Timezone: »

NIPS 2018 workshop on Compact Deep Neural Networks with industrial applications
Lixin Fan · Zhouchen Lin · Max Welling · Yurong Chen · Werner Bailer

Fri Dec 07 05:00 AM -- 03:30 PM (PST) @ Room 517 B
Event URL: https://openreview.net/group?id=NIPS.cc/2018/Workshop/CDNNRIA »

This workshop aims to bring together researchers, educators, practitioners who are interested in techniques as well as applications of making compact and efficient neural network representations. One main theme of the workshop discussion is to build up consensus in this rapidly developed field, and in particular, to establish close connection between researchers in Machine Learning community and engineers in industry. We believe the workshop is beneficial to both academic researchers as well as industrial practitioners.

News and announcements:

. For authors of spotlight posters, please send your one-minute slides (preferably with recorded narrative) to lixin.fan01@gmail.com, or copy it to a UPS stick. See you at the workshop then.

. Please note the change of workshop schedule. Due to visa issues, some speakers are unfortunately unable to attend the workshop.
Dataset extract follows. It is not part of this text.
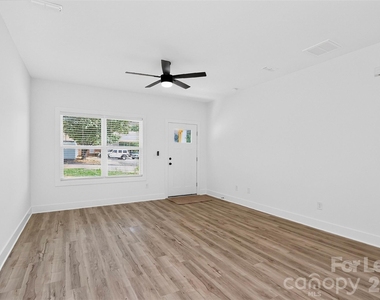 308 E Tallyrand Avenue - Photo Thumbnail 5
. There are some reserve NIPS/NeurIPS tickets available now, on a first come first serve basis, for co-authors of workshop accepted papers! Please create NIPS acocunts, and inform us the email addresses if reserve tickets are needed.

. For authors included in the spot light session, please prepare short slides with presentation time stictly within 1 minute. It is preferably to record your presentation with audio & video (as instructed e.g. at https://support.office.com/en-us/article/record-a-slide-show-with-narration-and-slide-timings-0b9502c6-5f6c-40ae-b1e7-e47d8741161c?ui=en-US&rs=en-US&ad=US#OfficeVersion=Windows).

. For authors included in the spot light session, please also prepare a poster for your paper, and make sure either yourself or your co-authors will present the poster after the coffee break.

. Please make your poster 36W x 48H inches or 90 x 122 cm. Make sure your poster is in portrait orientation and does not exceed the maximal size, since we have limited space for the poster session.

For authors of following accepted papers, please revise your submission as per reviewers comments to address raised issues. If there are too much contents to be included in 3 page limit, you may use appendix for supporting contents such as proofs or detailed experimental results. The camera ready abstract should be prepared with authors information (name, email address, affiliation) using the NIPS camera ready template.

Please submit the camera ready abstract through OpenReview (https://openreview.net/group?id=NIPS.cc/2018/Workshop/CDNNRIA) by Nov. 12th. Use your previous submission page to update the abstract. In case you have to postpone the submission, please inform us immeidately. Otherwise, the abstract will be removed from the workshop schedule.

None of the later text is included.